There was no riot of any kind, no disturbance of any sort, no threat of external aggression, yet the constitution was suspended in Rivers State.

Nothing prepared my mind that it could get this appalling when I posited that resolving the Rivers crisis would be a test of President Tinubu’s honour, not might. I had written and pleaded with Mr. President in an open letter dated March 25, 2024 to kindly revisit his peace pact of December 11, 2023. I mentioned that clauses 6 and 8 of that document clearly put the governor in a catch 22 situation. That that document be revisited in the spirit of fairness and equity. I did entreat that the blood of Dr. Marshall Harry, Chief A.K Dikkibo, Hon. Monday Ngbor, Chief Ignatius Ajuru, Hon. Charles Nsiegbe, Barr. Ken Aswuete and many others, murdered in cold blood to settle political scores in Rivers State, plead atonement for the living. But against my plea, Rivers State is made yet a scapegoat.  
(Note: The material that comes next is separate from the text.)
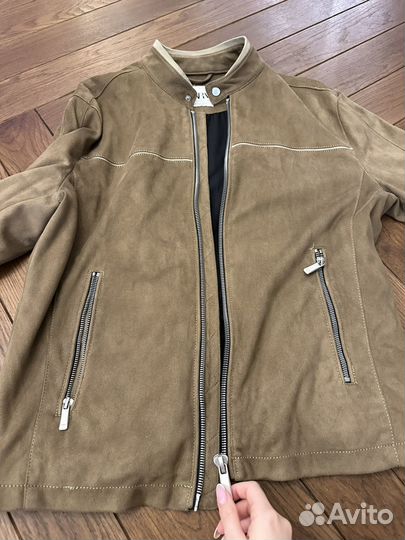 Куртка ZARa мужская M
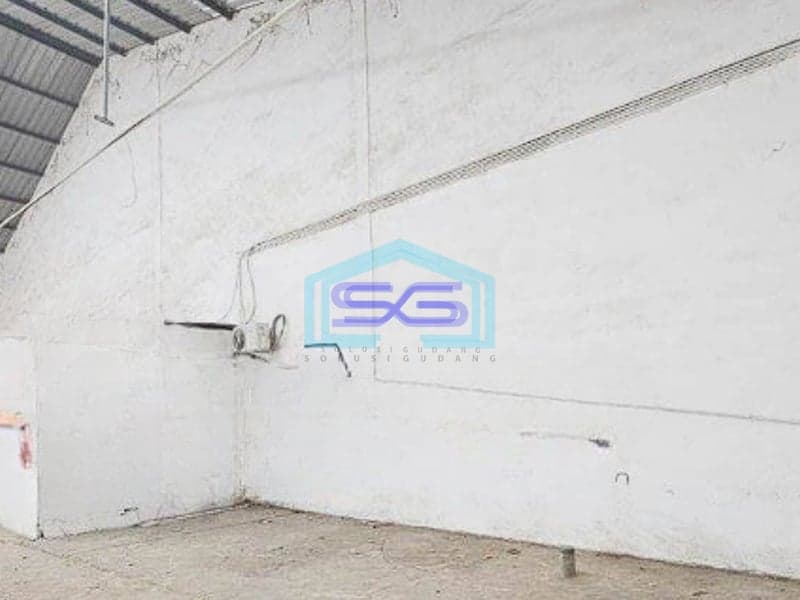 Disewakan Gudang Siap Huni Dan Strategis Lokasi Di Malang LB 720m2 Kawasan Industri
Nigerians are at liberty to gloat over, or weep for Rivers State. But she must look beyond what has befallen the state. After all, the state has accepted her fate as typified by her governor under an ‘emilokan’ government. Let’s say the governor went to war with his enemy’s playbook, and was overwhelmed by federal might. He was asked to step aside while his constitutional duties were transferred to an appointee with military credentials, all in a fantastically corrupt democratic space. 

To crown it all, an ‘election’ that selected Wike’s cronies in the PDP as APC members into the 23 Local Councils in the state was conducted, and the men hurriedly sworn into office. The people might not get know to how Rtd Vice Admiral Ibok-Ete Ibas plundered their till in an emergency that shouldn’t have been in the first instance. But it seems reinstating their governor was what mattered most. Therefore, let the Rivers experience serve as a wakeup call to all Nigerians that our democracy is fast switching place with Presitucracy occasioned by a desperate presidency. 

Nigerians must know that the satanic hijack and temporal incapacitation of Rivers State was a pilot scheme, although the president and his handlers want the people to think him altruistic in his involvement. Pretending that the president didn’t aid Wike to hold the higher ground against Gov. Fubara and the people, or that we do not see the sword of Damocles still flaming over Gov. Fubara’s head smacks of ostrichism. Truth is, twice did the president wade into the Rivers crisis, and twice did he fail to resolve the crisis as a statesman; let alone, the father, the governor helplessly calls him.  

Beyond bemoaning the Rivers fate, Nigerians, should brace up as 2027 beckons. Our democracy is being emasculated and our president is fast sliding into a dictator. And I daresay Nigeria risk another third term gambit come 2031 if we continue to pretend.